OFS: What first inspired you to get involved in environmental sustainability?
CL: In high school, I took a class at the community college on renewable energy systems. One of the things that particularly piqued my interest was solar thermal energy, which I hadn’t heard of before. It’s using solar concentrators to boil water, which makes steam and then turns the turbine. So then I did a science fair project on solar thermal. It was cool because not only was it good for the environment and sustainable, but it was also combining a lot of science, which I am concentrating in.
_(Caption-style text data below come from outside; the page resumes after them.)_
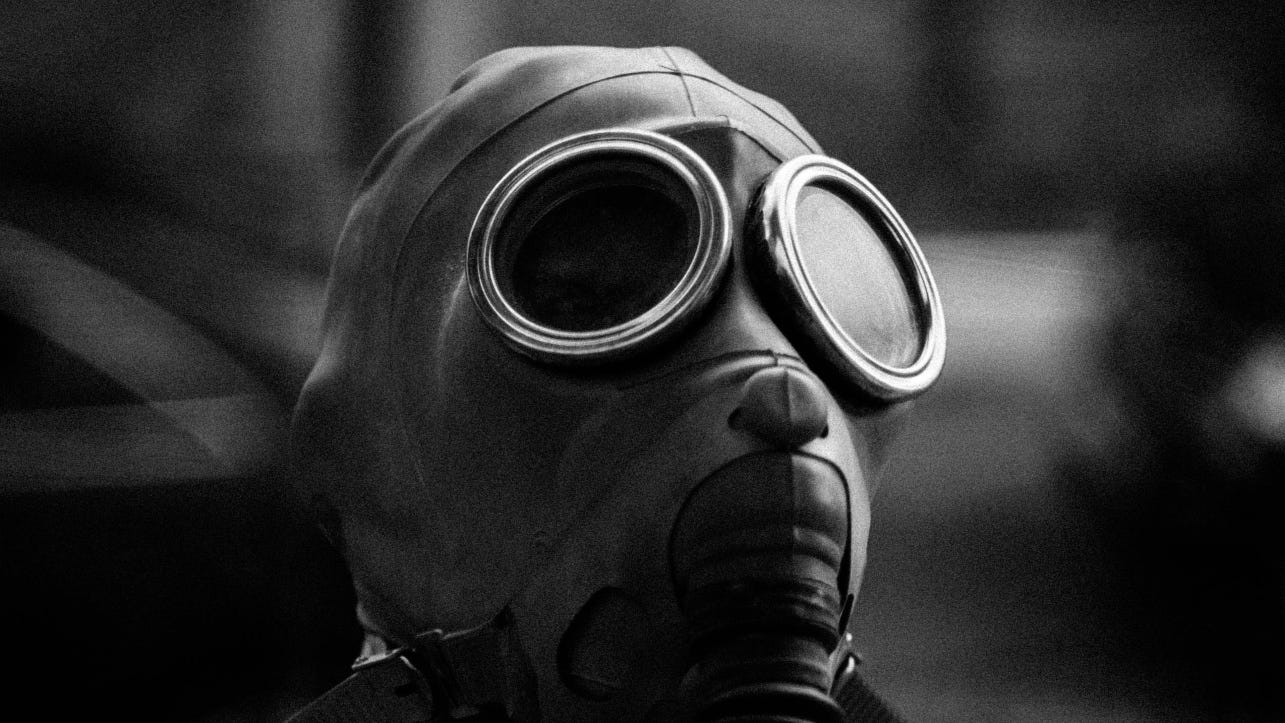 A gas mask lays against an unfocused background in black and white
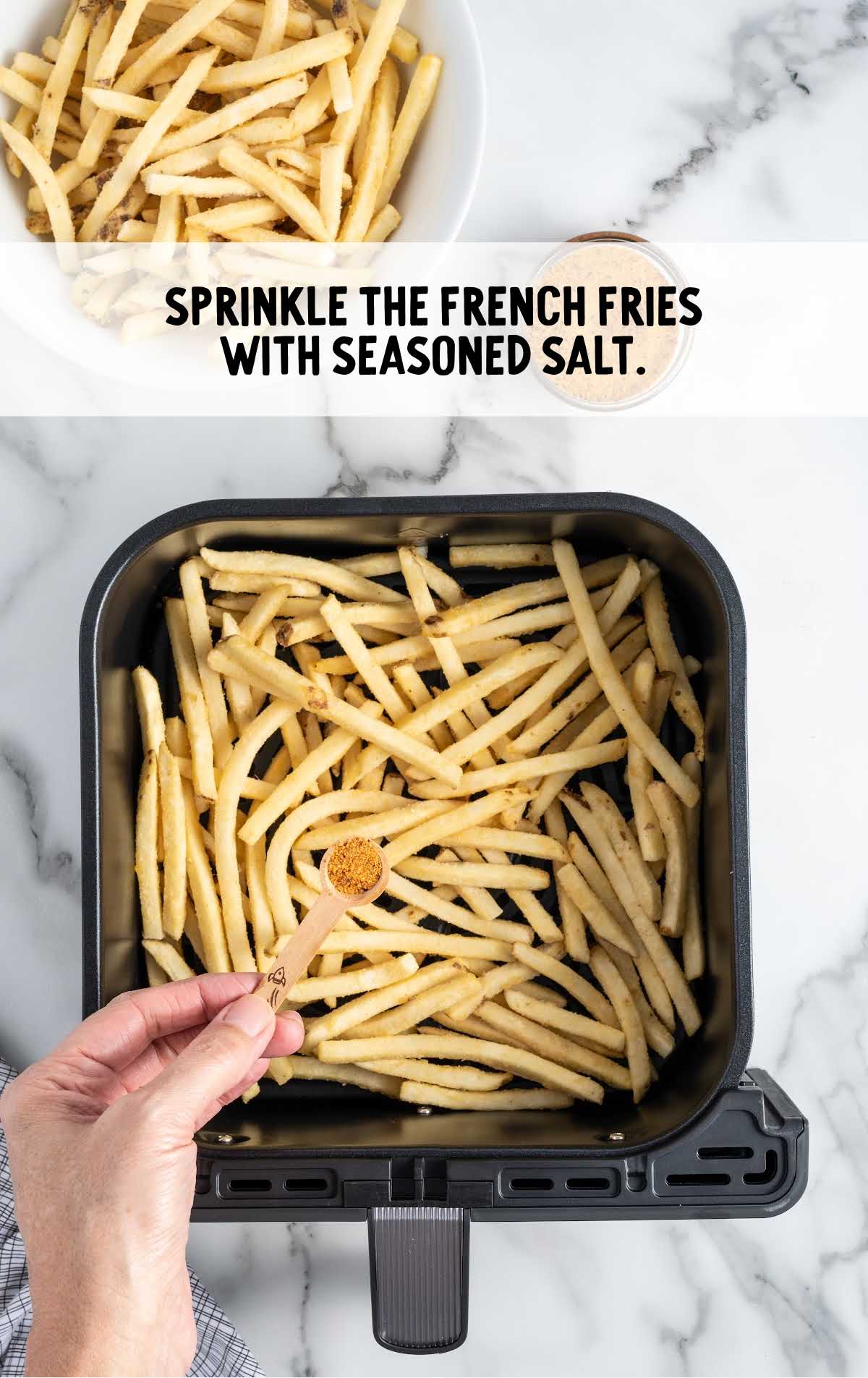 seasoned salt sprinkled on top of the fries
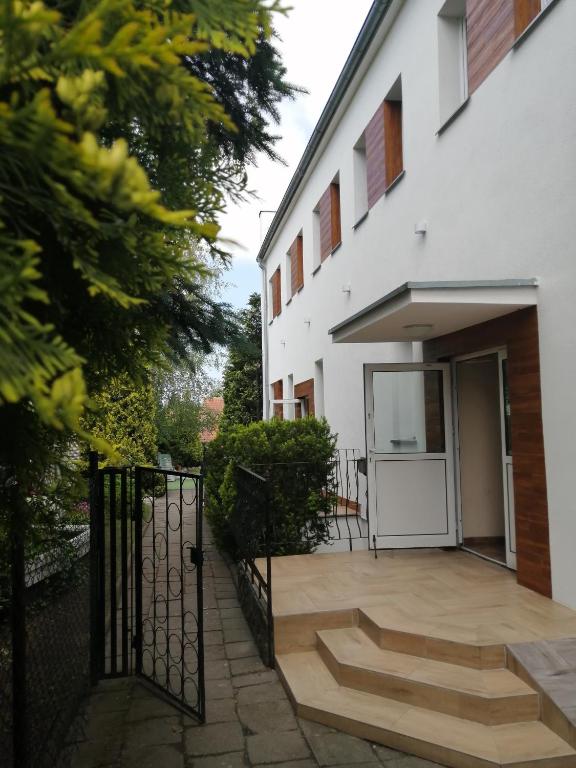 a porch of a white building with a gate at Głębia in Dąbrówno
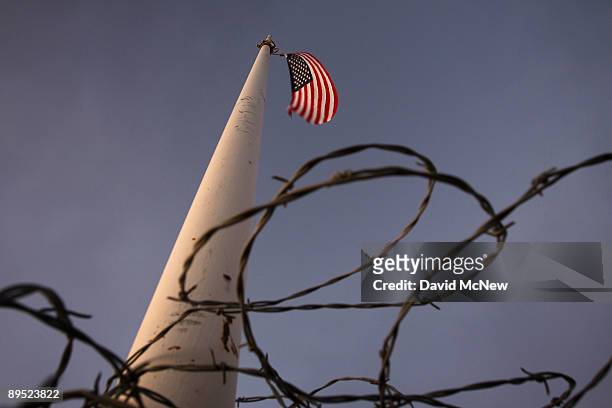 Barbed wire wraps surrounds the base of a flag pole erected by Minutemen-style activists where US Border Patrol agents are carrying out special...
OFS: How have you applied this interest?
CL: Since then I’ve been doing other things related to the environment. I had an internship at Cisco Systems in high school. Cisco has a lot of data centers where they have just rows and rows and racks full of different kinds of machines that are always plugged in, sucking power 24/7. This also generates a lot of heat, so they have air conditioning 24/7, and it’s just a huge waste of energy. And most of the time they’re not even being used—maybe a couple hours a day. I switched all of the machines in one data center from regular power outlets to phi P power outlets, which means that they still plug them in the same, but you can program them to turn off remotely and on schedules. It cut the power usage by 55%.
OFS: That is really remarkable. Have you worked on similar projects since?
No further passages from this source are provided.